Hold for a Pause
I’ll resist the urge to declare, “That’s all folks,” because we never can be sure — but it sounded to me like this was the last rate hike. In a widely anticipated move, the Federal Open Market Committee (FOMC) raised its target rate by another 25 basis points to an upper bound of 5.25%.
That’s the 10th rate hike of this cycle, and perhaps concludes the fastest rate hike trajectory since the early 1980s.
Although this Fed statement was free from huge surprises, there was a notable shift that made many believe with more conviction we have now entered the “hold rates high” portion of the program.
Jerome Powell explicitly stated they removed the phrase that said, “anticipating additional policy firming may be appropriate” from this statement and replaced it with a phrase about taking various factors into account in determining whether additional firming may be appropriate.
That’s a lot of words that sound the same — but the main takeaway is that the word “anticipating” disappeared.

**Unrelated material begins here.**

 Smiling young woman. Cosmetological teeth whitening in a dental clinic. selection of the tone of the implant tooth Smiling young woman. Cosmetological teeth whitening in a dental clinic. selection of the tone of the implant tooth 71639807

There are multiple reasons the Fed could justify a pause at the next meeting, and in fact I think there were reasons they could have justified a pause at this one.
Perhaps one of the most quantifiable indications to pause is the Fed’s own preferred yield curve spread — called the near-term forward spread. It compares the current 3-month Treasury yield with the implied 3-month Treasury yield 18 months from now. If this measure is inverted, it implies that rates will be cut sometime in the next 18 months.

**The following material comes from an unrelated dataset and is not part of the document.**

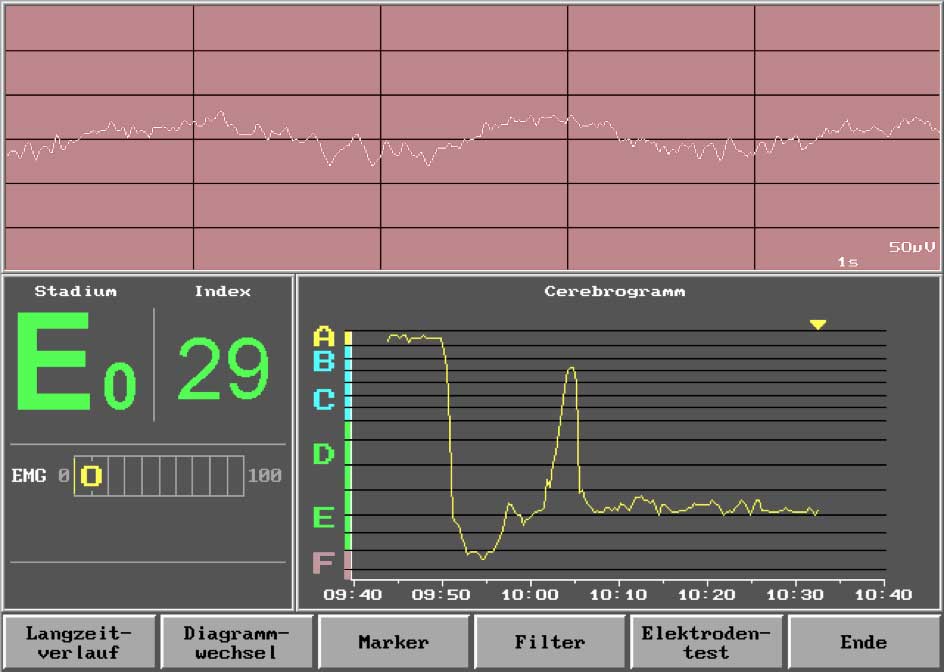 EEG Bildschirm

The near-term forward spread is currently inverted by 197 basis points. An inversion of this magnitude implies 90% recession odds in the next 12 months.
Of course, no measure is a perfect predictor, but if this is the Fed’s preferred yield spread, it’s signaling that conditions are sufficiently restrictive and does not send a “keep hiking” message.
Crises Are in the Eye of the Beholder
Mentions of the recent banking turmoil made numerous appearances in the statement, but they were alongside words like “sound and resilient.” There was some acknowledgement that the Fed did not foresee these events, and that they have contributed to further tightening of financial conditions.
Nevertheless, banking woes did not throw the FOMC off course as they’ve hiked rates twice since the height of uncertainty in mid-March. It’s possible that we’ve seen the worst of it, and perhaps the most recent bank failure was the last big one. But it’s difficult to calm investors’ nerves when we really don’t know what other risks are out there, if any.
It seems as though the Fed doesn’t view the recent stress as a crisis, but many investors are not convinced of the same.
Add to that uncertainty the looming debt ceiling debate that has a deadline on or around early June, which could fuel a volatility fire if one should ignite. Not to mention, the next Fed statement is on June 14, just days after this debate hits match point.
The obvious disconnect between how much gravity the Fed is assigning to some of these uncertainties and how much gravity the market is assigning to them gives me pause (no pun intended). Complacency has been a common thread in narratives for many months, perhaps this is another example of it.
I’m Rubber, You’re Glue
The most important disconnect that remains is the one between where the Fed sees rates at year-end, and where the market sees them. By the time the December meeting is complete, market probabilities suggest three rate cuts will have occurred. The Fed, on the other hand, suggested in its latest summary of economic projections and reiterated in this meeting, they do not plan to cut rates this year.
A disconnect this large is a recipe for volatility, IMO. And recipes for volatility can induce big market swings on small messages. Unfortunately, I think we are still in a period where the slightest bit of news can quickly change the direction of sentiment.
Furthermore, we’re still waiting for the full effect of this tightening cycle to be realized across the economy. Those effects are rarely subtle or smooth. An upcoming pause in rate hikes is not an indication the Fed is ready to start “normalizing” policy, I would view it more as an indication they acknowledge enough pain is being inflicted. Stay the cautious course.